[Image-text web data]
▼
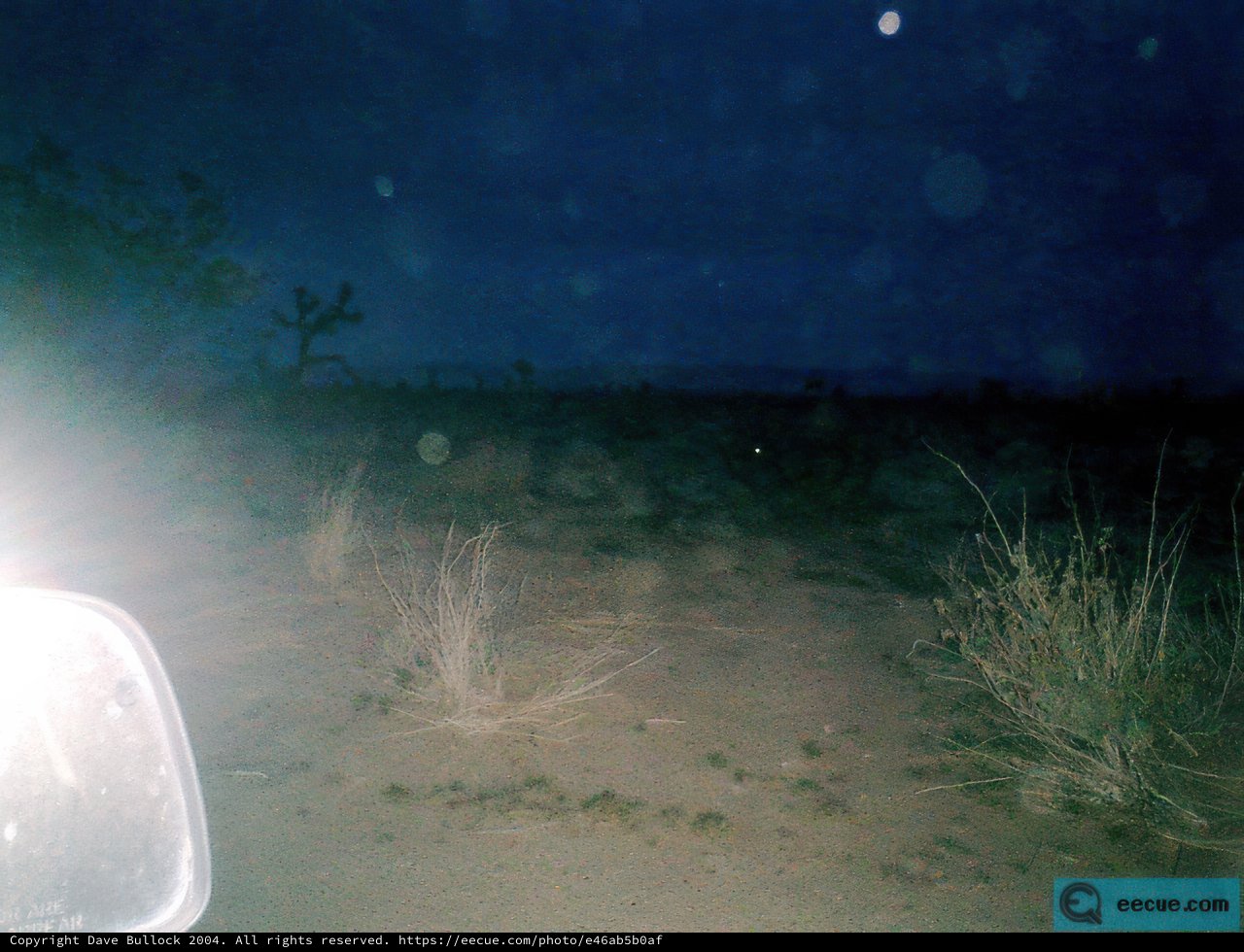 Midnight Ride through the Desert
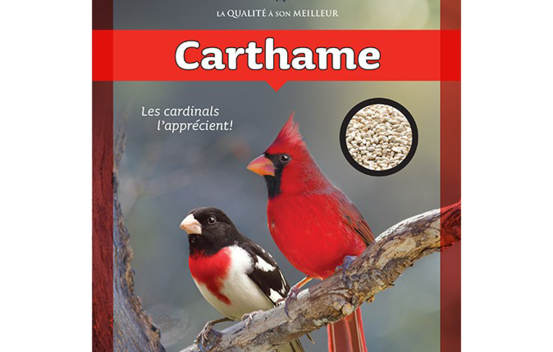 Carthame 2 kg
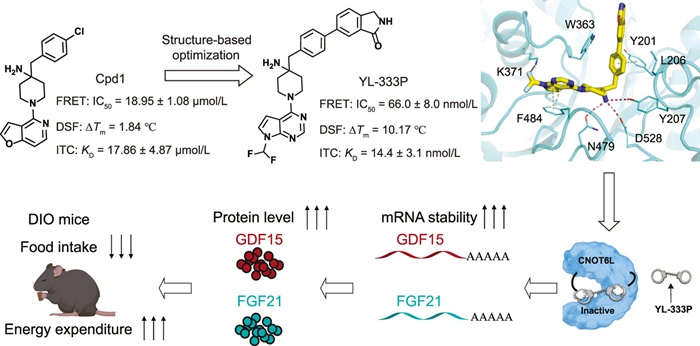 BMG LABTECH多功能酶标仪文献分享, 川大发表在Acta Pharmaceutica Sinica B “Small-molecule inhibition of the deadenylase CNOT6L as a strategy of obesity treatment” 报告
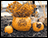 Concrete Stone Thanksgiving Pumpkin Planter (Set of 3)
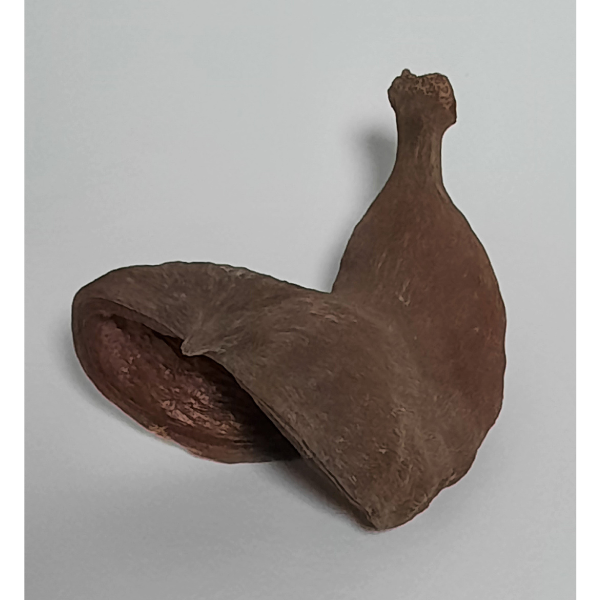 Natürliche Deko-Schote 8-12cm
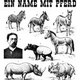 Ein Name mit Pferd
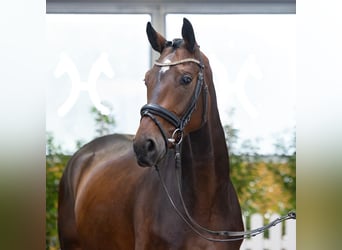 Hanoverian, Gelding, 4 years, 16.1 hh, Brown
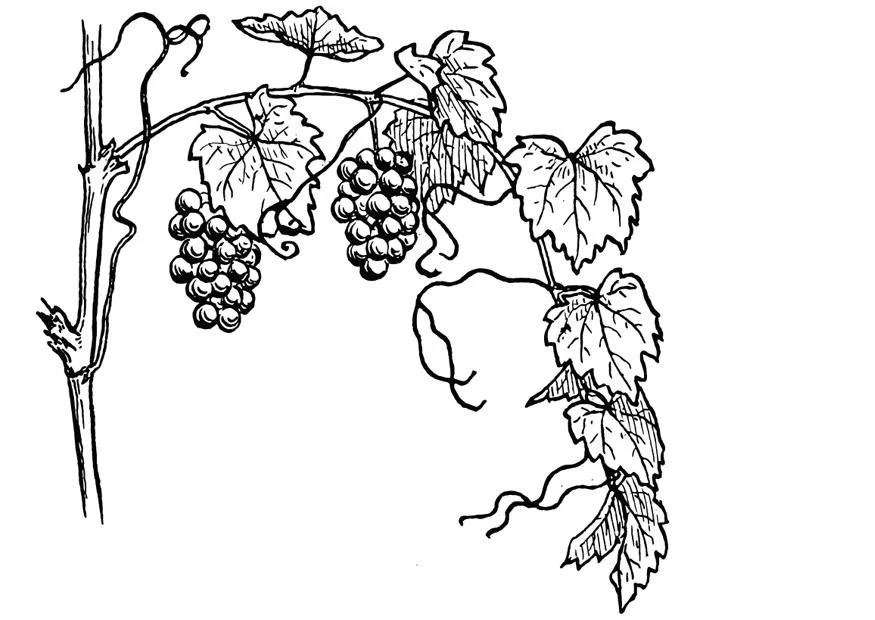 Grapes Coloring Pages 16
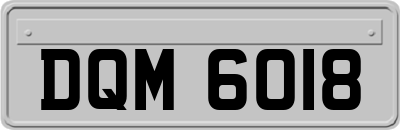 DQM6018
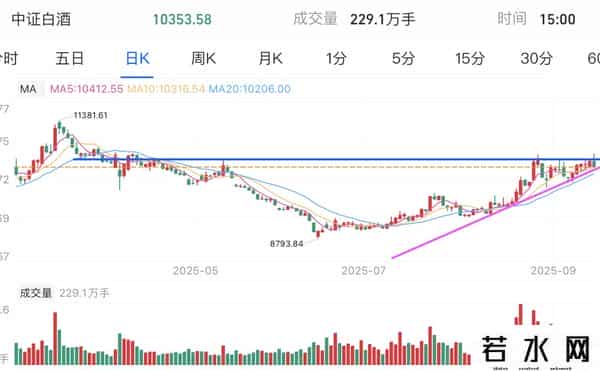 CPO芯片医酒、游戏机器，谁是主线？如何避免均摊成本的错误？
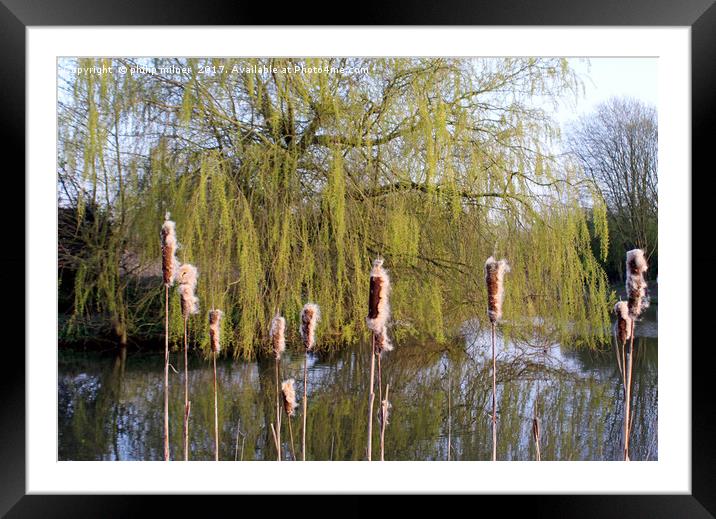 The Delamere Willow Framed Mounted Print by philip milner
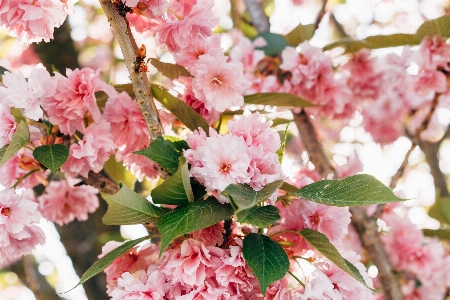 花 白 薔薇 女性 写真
▲
= Work request =
Only the pictures are to be omitted; the records above must otherwise be reproduced exactly.

= Problem solution =
 Midnight Ride through the Desert
 Carthame 2 kg
 BMG LABTECH多功能酶标仪文献分享, 川大发表在Acta Pharmaceutica Sinica B “Small-molecule inhibition of the deadenylase CNOT6L as a strategy of obesity treatment” 报告
 Concrete Stone Thanksgiving Pumpkin Planter (Set of 3)
 Natürliche Deko-Schote 8-12cm
 Ein Name mit Pferd
 Hanoverian, Gelding, 4 years, 16.1 hh, Brown
 Grapes Coloring Pages 16
 DQM6018
 CPO芯片医酒、游戏机器，谁是主线？如何避免均摊成本的错误？
 The Delamere Willow Framed Mounted Print by philip milner
 花 白 薔薇 女性 写真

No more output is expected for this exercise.